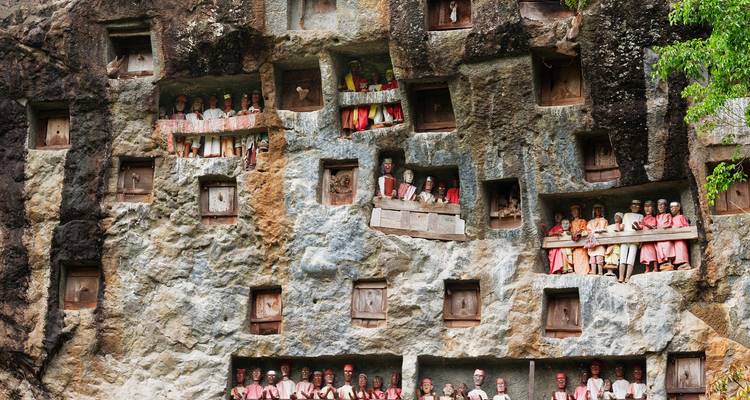 Sitio de entierro en acantilados rocosos con balcones de efigie de madera y nichos ahuecados del pueblo Toraja.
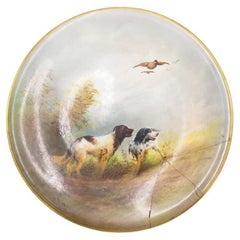 Paire de plaques murales anglaises victoriennes en porcelaine représentant une scène de chasse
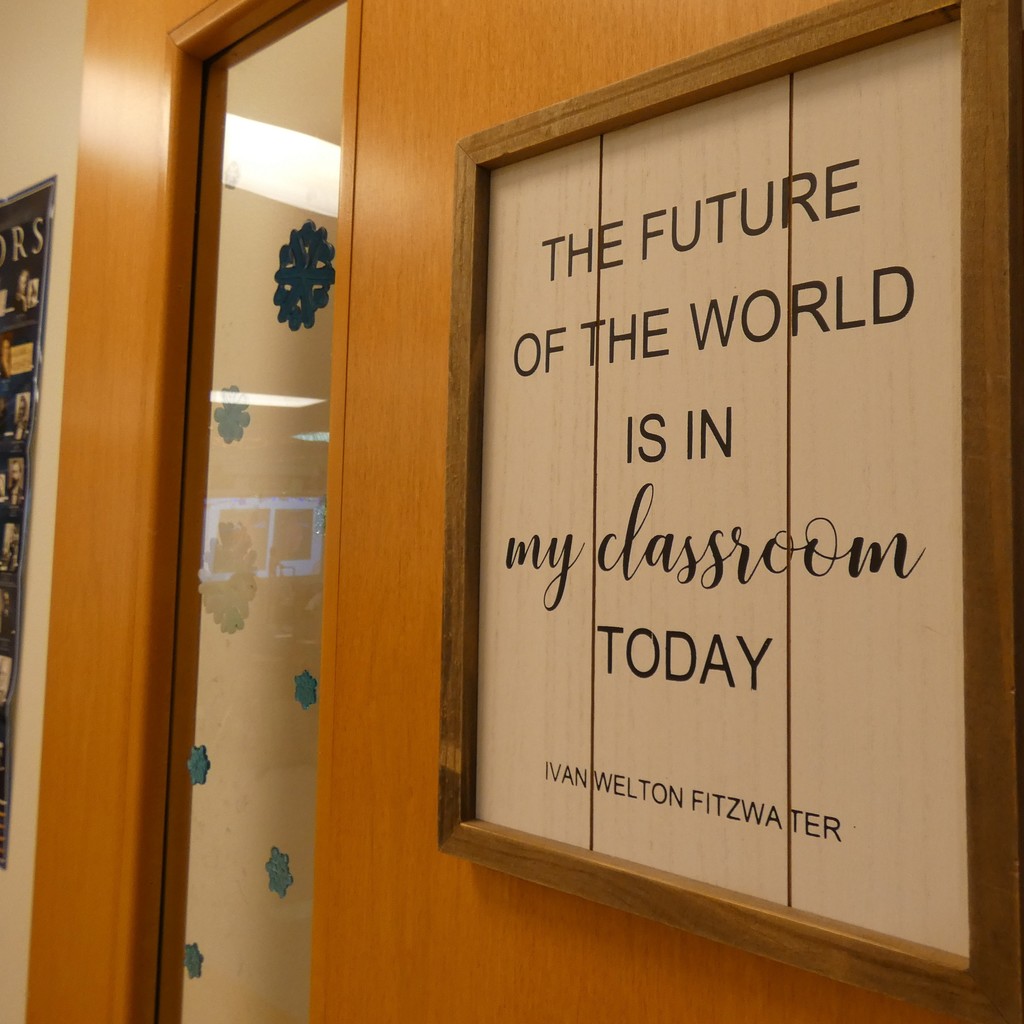 Sign on classroom door welcomes students: The Future of the World is in MY CLASSROOM Today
:::::
Restate every line above exactly, omitting images.

**Solved problem:**
 Sitio de entierro en acantilados rocosos con balcones de efigie de madera y nichos ahuecados del pueblo Toraja.
 Paire de plaques murales anglaises victoriennes en porcelaine représentant une scène de chasse
 Sign on classroom door welcomes students: The Future of the World is in MY CLASSROOM Today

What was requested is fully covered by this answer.